Couple that with the sense of a genuine English tendency that the PM embodies – a love for the Highlands, a sense of Edinburgh as a little enclave of southern sensibilities, and not much knowledge of or interest in anything in between – and you begin to see why so many Unionists with Scottish accents were dismayed by the prospect of the Prime Minister’s intervention, and why he himself delayed it for so long.

The problem, I guess, isn’t that this love of Scotland seems to be concocted. The problem is that it seems to be founded on a myth. In this account, Scotland is more boutique destination than seethingly complex urban nation, a kind of enormous theme park with wind turbines instead of rollercoasters. The love for this bit comes across clearly enough. But I imagine that if you live in Dundee or Dunfermline, your faith that the Englishmen marching across your border to save the day have a deep interest in your fate, that their sense of your life extends beyond Trainspotting and Buckfast, is a bit shakier. David Cameron was good on the achievements of Scottish history, very quiet on the granular realities of the Scottish present.

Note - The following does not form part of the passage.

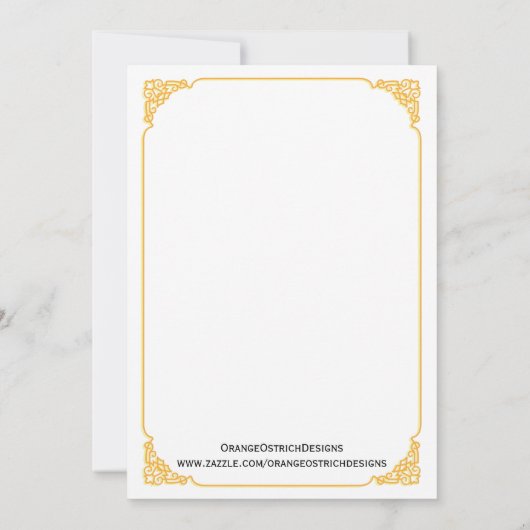 Kleine slangen | Baby shower met tweeslachtig gesl Kaart (Achterkant)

Wightman, who intends to vote for independence, sees this as indicative of a certain residual colonialism. And he draws a parallel that may not delight the Better Together campaign in their last few days of fighting to persuade the voters that their case is not about foreign possession, but about the best thing for Scots themselves. “If you look at the break-up of the Soviet Union,” he says, “by and large the countries that left did fine [psychologically]. It was Russia that had the identity crisis.”

Now, Whitehall’s controlling instincts are not quite on a par with the Kremlin’s. But something rings true in this, in the idea that the fears of a Great Britain being diminished are really fears about England being diminished, shrunken once again from the stature that those aghast by the decline of the Empire must have presumed was an absolute minimum. And none of that seems likely to be very convincing for those last remaining waverers.

In the end, of course, Scots will vote on the basis of their assessment of their own interests. Surely very few are so shortsighted as to break up the Union “just”, as Cameron so patronisingly put it, “to give the effing Tories a kick”. All the same, there is little doubt that the unwittingly imperial mood music emanating from London has already proved an effective recruiting sergeant for Yes.

Consider Nigel Farage, whose most notable contribution to the debate has been the plaintive observation that the poor old English are feeling “ignored”. Or consider the scene in Glasgow on Thursday, when a trainload of Labour MPs disembarked to tell the locals how much they loved them. As they walked into town, the Telegraph reported, a guy with a rickshaw and a sound system followed them blasting out Darth Vader’s theme from Star Wars – The Imperial March. “Bow down, people of Glasgow!” he cried. “Bow down to your imperial masters! Be grateful! They’ve travelled all this way!”